Questions to the Hospital Administration expert and their responses
What are the proper protocols for staff when a patient like this presents themselves to the ER?
The hospital should not have sent a patient with sepsis home. It was clear to the EHR that this patient had sepsis, it was clear to the nurse that this patient had sepsis and it should have been clear to the ED physician. This patient should have been put on medication immediately and this demonstrates airtight negligence.
What type of training should nurses receive on a hospital's electronic medical record system, with specific regards to notifications?

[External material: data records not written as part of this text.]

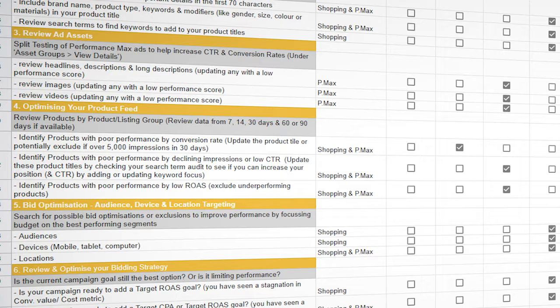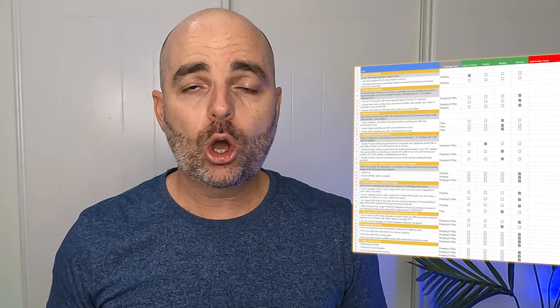Using that correct structure for your Performance Max campaign is a vitally important step, but that's only half of the story. You also need the correct optimization strategy. To help you see increases in profit every single month, I want to give you free access to my Google Ads e-commerce optimization checklist — specifically designed for Performance Max and shopping campaigns. It tells you exactly what to optimize every 72 hours, every week, every month, and every 90 days. Follow the link in the description below to get your copy.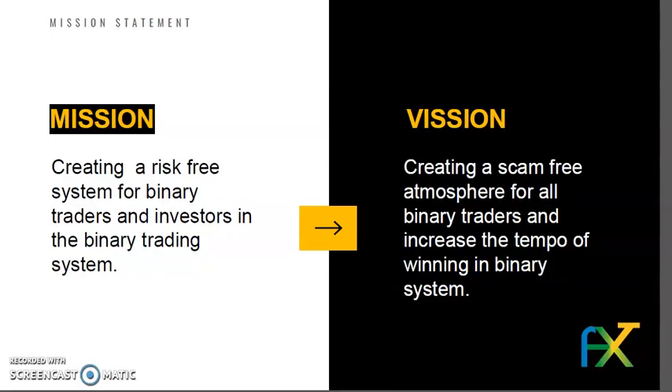Our mission: creating a risk-free system for binary traders and investors. Vision: creating a scam-free atmosphere for all binary traders and increasing the tempo of winning in a binary system.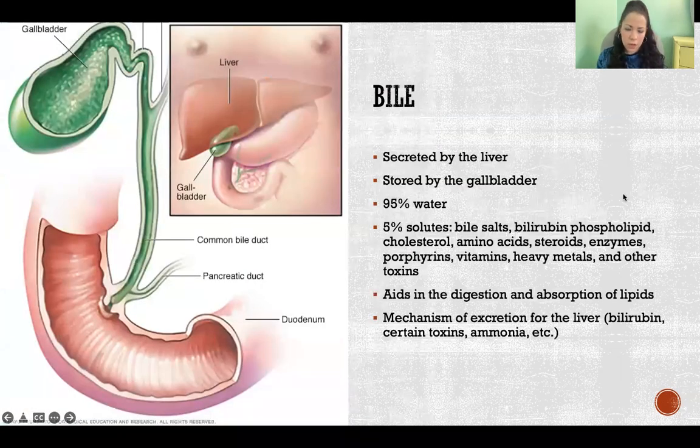Bile is a substance that is secreted by the liver — the liver manufactures the bile. If we don't currently need it right now, that bile travels to the gallbladder to be stored for when we do need it. If we need it right now, then the bile can travel directly from the liver to the duodenum.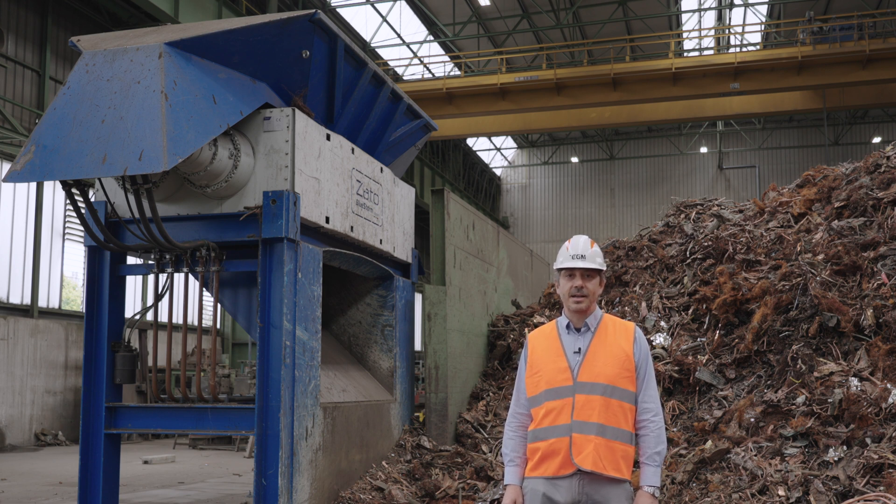To process mixed copper scrap, Eredi Nuti Metalli has chosen a Zato twin shaft shredder above all others.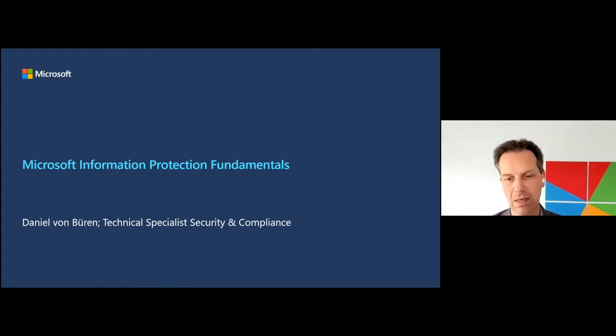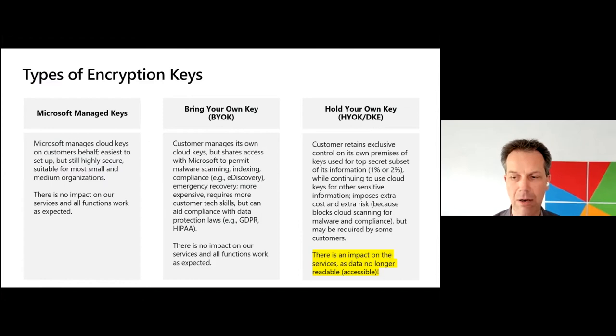Everything that has to do with collaborative workspaces — that's where I am, and I help customers to understand what we can do and how things work. One thing I see very often is that we have different discussions with customers about what kind of encryption can I do when I use services like Office 365. We always have to explain what possibilities we have and also the benefits and maybe also the other side. What we offer when it comes to types of encryption key — we have what we call a Microsoft Managed Key.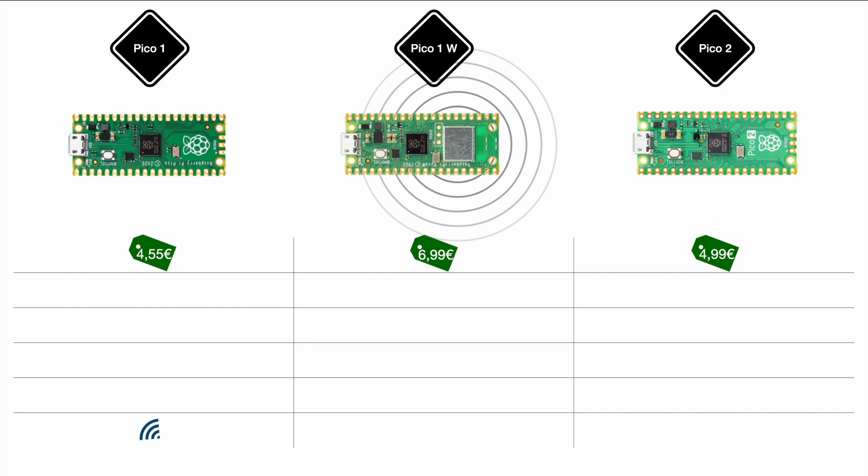The Pico 1 launched without any Wi-Fi, while the Pico 1W launched with 2.4 GHz Wi-Fi and Bluetooth on board. The new Pico 2, while being superior in many aspects, is launching without any Wi-Fi or Bluetooth on board. It is worth mentioning that the Pico 1 and the Pico 1 Wi-Fi were not launched at the same time either.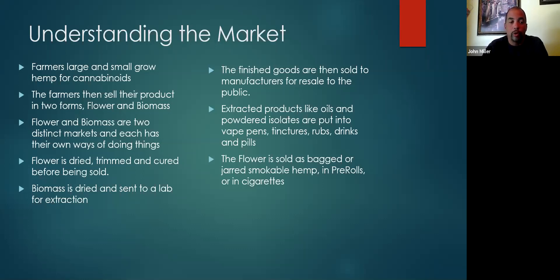Flower is dried, trimmed, and cured before being sold. Biomass is dried and sent to the lab for extraction. The finished goods are then sold to manufacturers for resale to the public. Extracted products like oils and powdered isolates are put into vape pens, tinctures, rubs, drinks, or pills. Flower is sold in bags, jars, pre-rolls, or hemp cigarettes. That's an overview of what you're growing and where it's going to end up.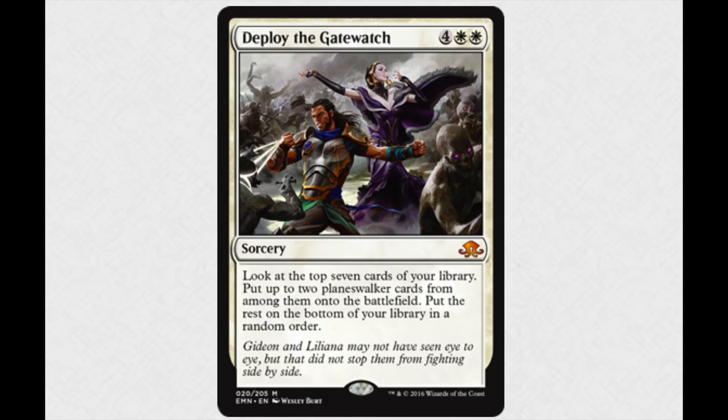Of course, big Chandra — she costs six anyway, so it's only upside if you are able to reveal her with this card. What do you guys think about this card? Are you excited? Are you going to make this deck? Will this be the most expensive deck in Standard? Probably yes — the answer is yes.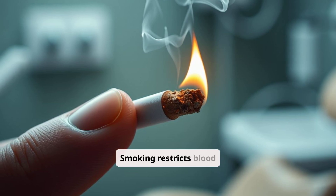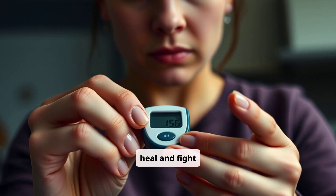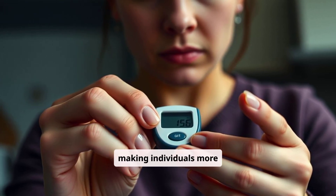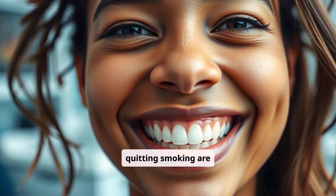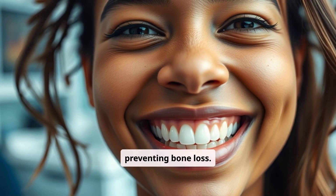Smoking restricts blood flow to the gums, hindering their ability to heal and fight infection. Diabetes weakens the immune system, making individuals more susceptible to gum disease and bone loss. Managing diabetes and quitting smoking are crucial steps in protecting your oral health and preventing bone loss.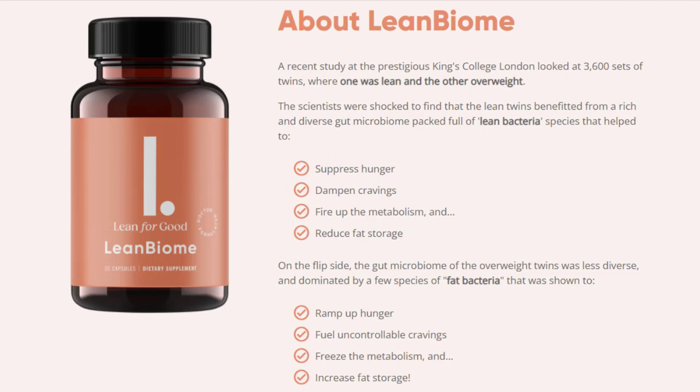There's something really important about this product that you need to know before buying it. You can actually test Lean Bioma for days, and if you don't see results or if you don't like it for any reason, they will give you your money back.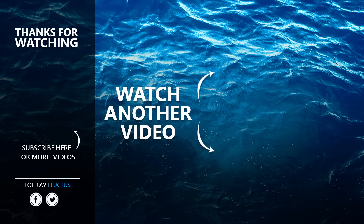That's the end of the video. I hope you enjoyed it. Make sure to subscribe to this channel so you don't miss any of our new content. See you next time.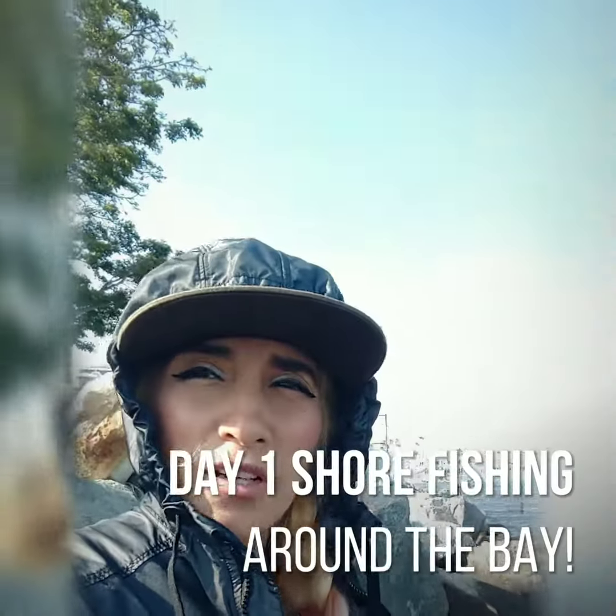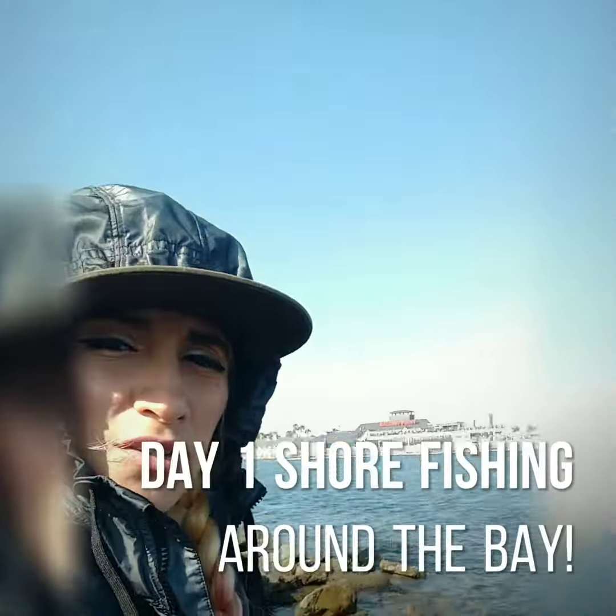We are out here in Alamitos Bay, fishing the rocks. Wish us luck — hopefully we catch something good.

One system in particular, which allows user-defined alerts that are approved by hospital executives or by a committee at the hospital, is currently being replaced in many hospitals nationwide because it is not a good system. These type of medical record alerts can be overridden by the treating physician relatively easily, though they may require some justification and this type of documentation should be carefully sought in a careful review of the EHR.
About the expert
This highly qualified expert has four decades of experience in medicine and healthcare administration. He received his BS in Physiology from Oklahoma State University and his MD from the University of Oklahoma. He completed his residency at the University of Oklahoma and is Board Certified in Internal Medicine. He is a member of the IBM Health Care and Life Sciences Advisory Council, the Clinical Electronic Health Record Advisory Council, and the Association of American Medical Schools. He previously served as the Chief of Staff of the Veterans Affairs Medical Center in Oklahoma and Alabama, and he is the former Under Secretary for Health at the Department of Veterans Affairs. He currently serves as a professor emeritus and a professor of healthcare administration at a well known Oklahoma medical school.